Segment Open
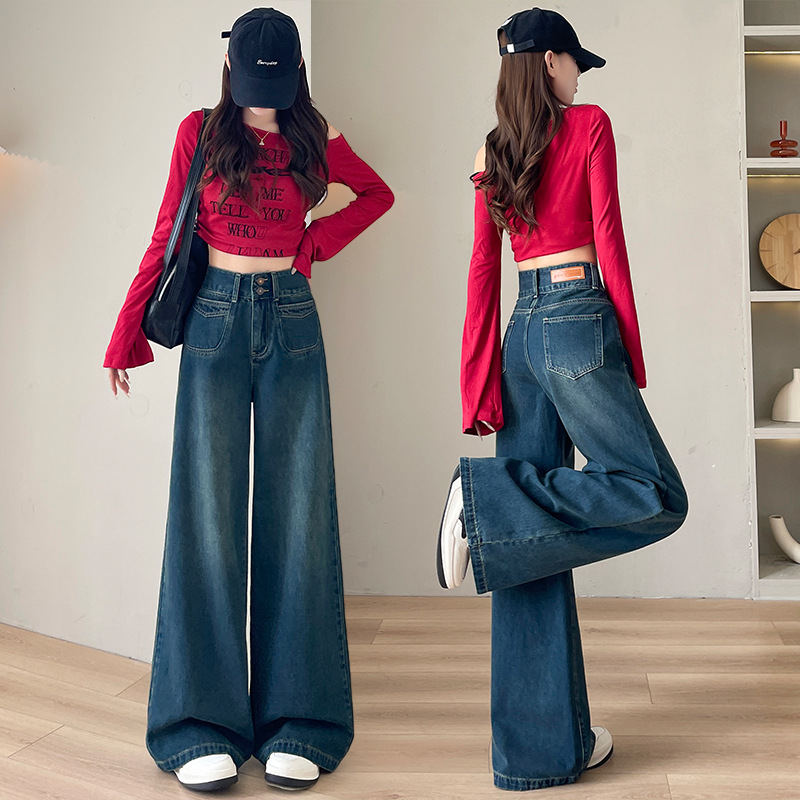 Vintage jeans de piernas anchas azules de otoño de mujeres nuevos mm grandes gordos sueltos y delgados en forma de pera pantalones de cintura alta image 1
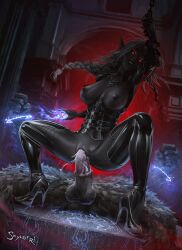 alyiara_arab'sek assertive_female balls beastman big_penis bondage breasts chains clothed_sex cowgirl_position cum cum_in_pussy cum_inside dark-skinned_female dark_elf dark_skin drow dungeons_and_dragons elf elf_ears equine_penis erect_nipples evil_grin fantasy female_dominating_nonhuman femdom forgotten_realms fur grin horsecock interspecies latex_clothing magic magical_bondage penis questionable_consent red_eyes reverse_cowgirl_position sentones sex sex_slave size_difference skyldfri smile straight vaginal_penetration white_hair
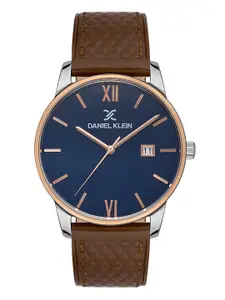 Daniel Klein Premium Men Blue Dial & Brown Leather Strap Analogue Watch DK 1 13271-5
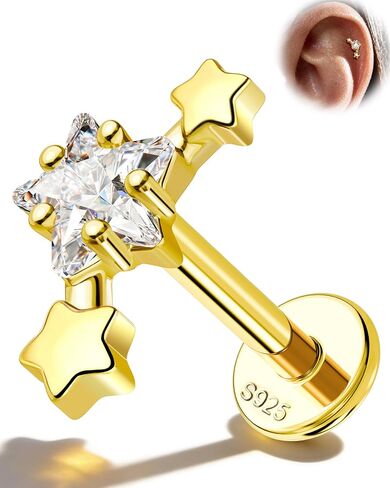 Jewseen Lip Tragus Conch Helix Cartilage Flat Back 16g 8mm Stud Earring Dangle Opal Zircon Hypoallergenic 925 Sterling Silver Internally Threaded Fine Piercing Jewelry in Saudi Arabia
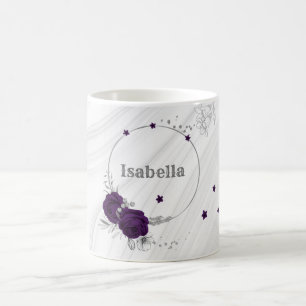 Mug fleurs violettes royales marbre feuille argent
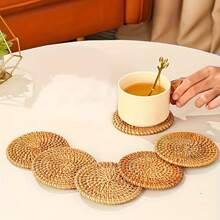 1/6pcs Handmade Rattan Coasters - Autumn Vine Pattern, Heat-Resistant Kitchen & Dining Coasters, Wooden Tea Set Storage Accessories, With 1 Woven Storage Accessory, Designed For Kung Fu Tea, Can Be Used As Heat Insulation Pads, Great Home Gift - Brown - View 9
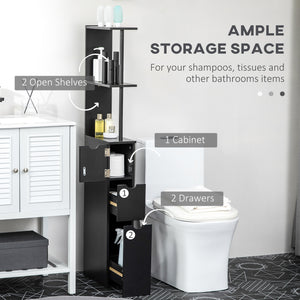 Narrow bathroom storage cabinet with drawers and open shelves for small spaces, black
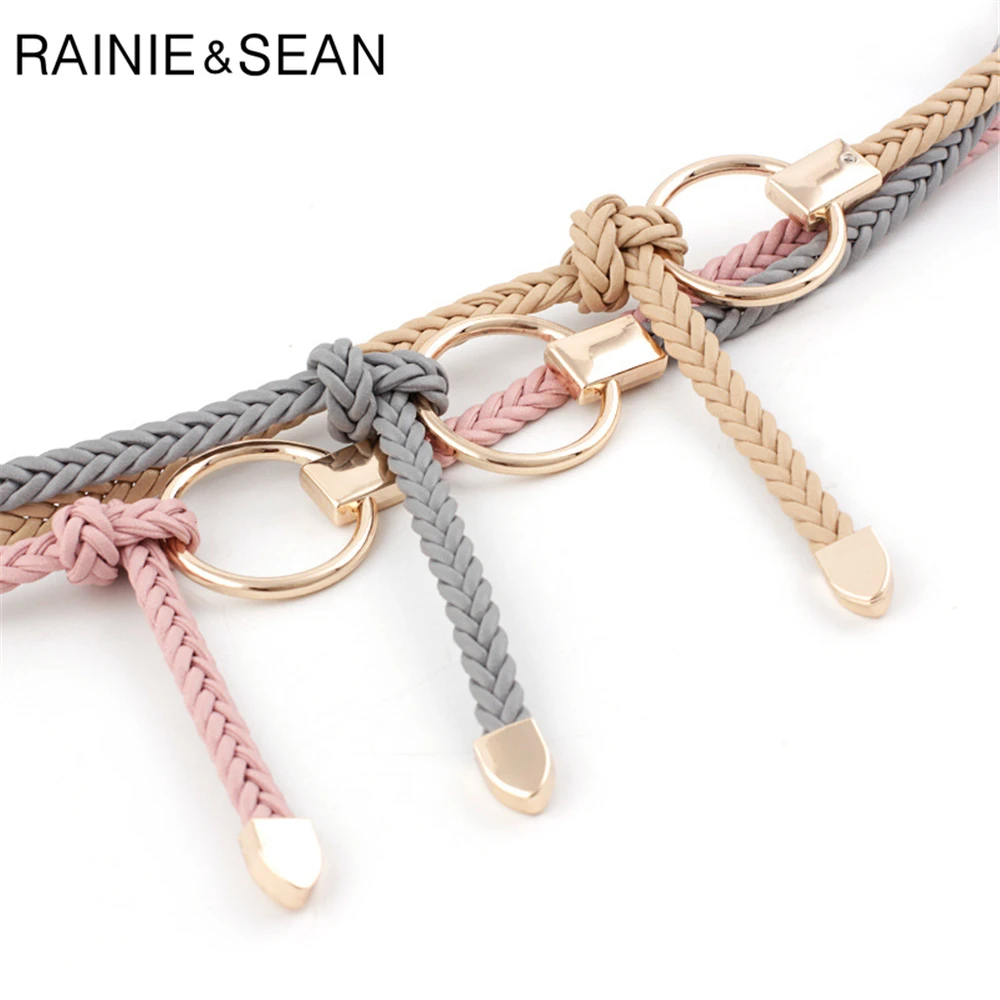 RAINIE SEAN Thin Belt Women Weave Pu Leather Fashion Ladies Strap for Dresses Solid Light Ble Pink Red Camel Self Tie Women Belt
Segment Closed
Segment Open
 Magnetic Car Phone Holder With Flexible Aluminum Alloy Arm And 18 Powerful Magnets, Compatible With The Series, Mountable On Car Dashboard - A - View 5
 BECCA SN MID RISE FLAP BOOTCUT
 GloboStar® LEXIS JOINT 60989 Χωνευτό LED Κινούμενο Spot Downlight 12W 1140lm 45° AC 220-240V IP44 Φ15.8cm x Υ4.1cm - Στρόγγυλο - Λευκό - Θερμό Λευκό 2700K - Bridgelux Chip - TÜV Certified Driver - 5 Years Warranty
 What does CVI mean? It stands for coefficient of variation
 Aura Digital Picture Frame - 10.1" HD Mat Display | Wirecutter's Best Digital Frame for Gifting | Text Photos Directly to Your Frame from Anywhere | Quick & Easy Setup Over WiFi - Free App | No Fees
Segment Closed
Segment Open
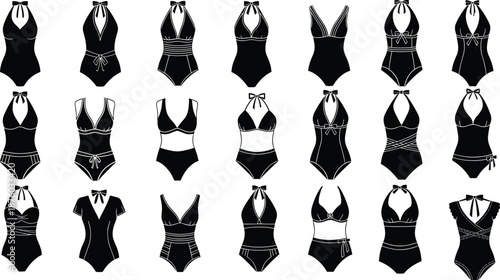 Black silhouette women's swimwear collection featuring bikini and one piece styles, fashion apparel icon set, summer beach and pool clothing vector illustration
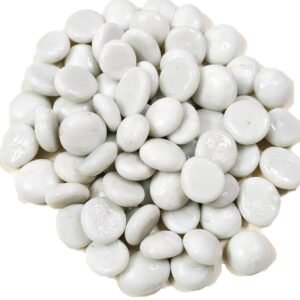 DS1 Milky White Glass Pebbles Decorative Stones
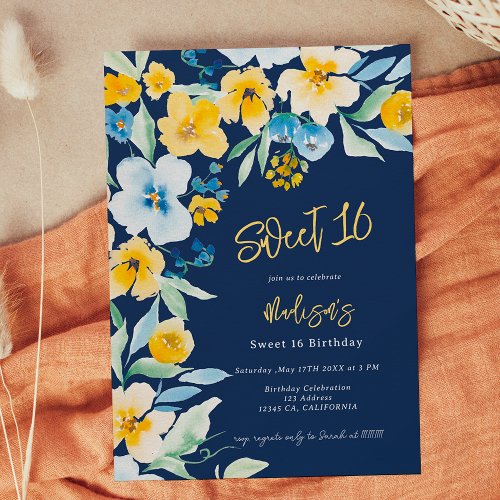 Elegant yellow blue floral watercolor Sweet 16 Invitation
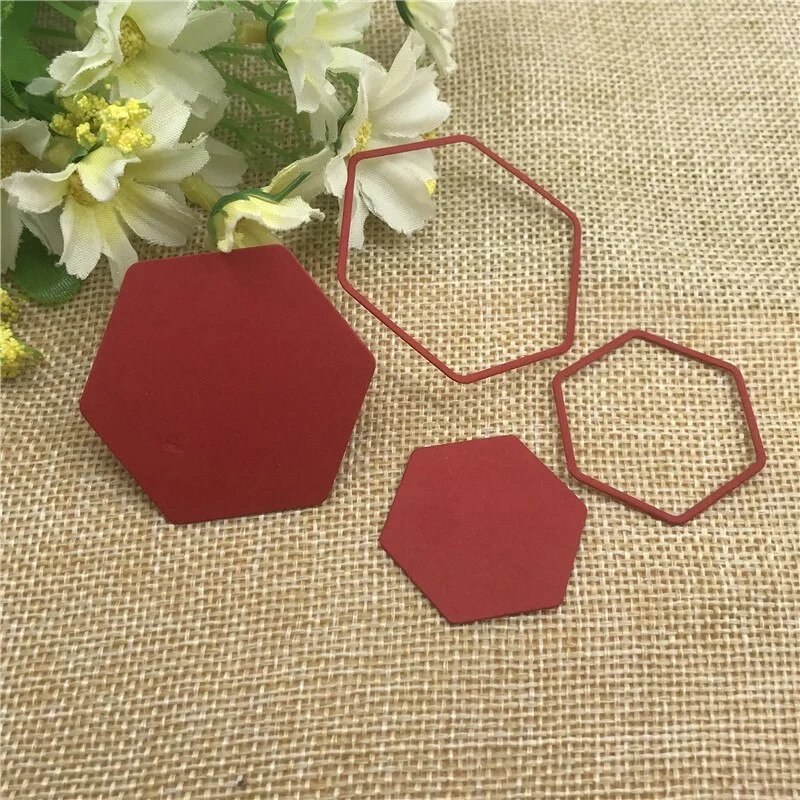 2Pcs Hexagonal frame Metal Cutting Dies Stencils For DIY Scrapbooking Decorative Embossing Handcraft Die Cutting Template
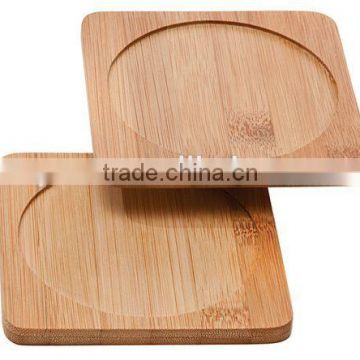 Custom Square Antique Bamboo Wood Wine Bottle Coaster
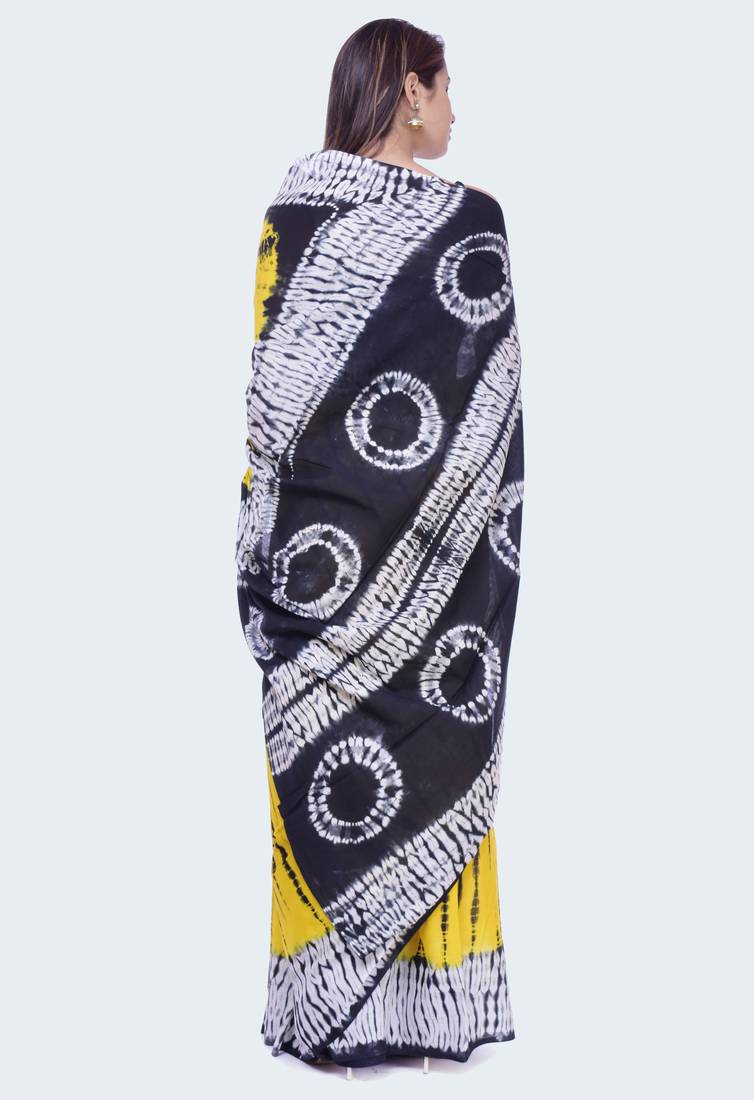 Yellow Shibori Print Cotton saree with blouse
Segment Closed
Task details: Only one part of the material above is wanted: the lines from the one with "Custom Square Antique" up to and including the one with "Yellow Shibori Print". Please copy them exactly, pictures left out.

Finished exercise:
 Custom Square Antique Bamboo Wood Wine Bottle Coaster
 Yellow Shibori Print Cotton saree with blouse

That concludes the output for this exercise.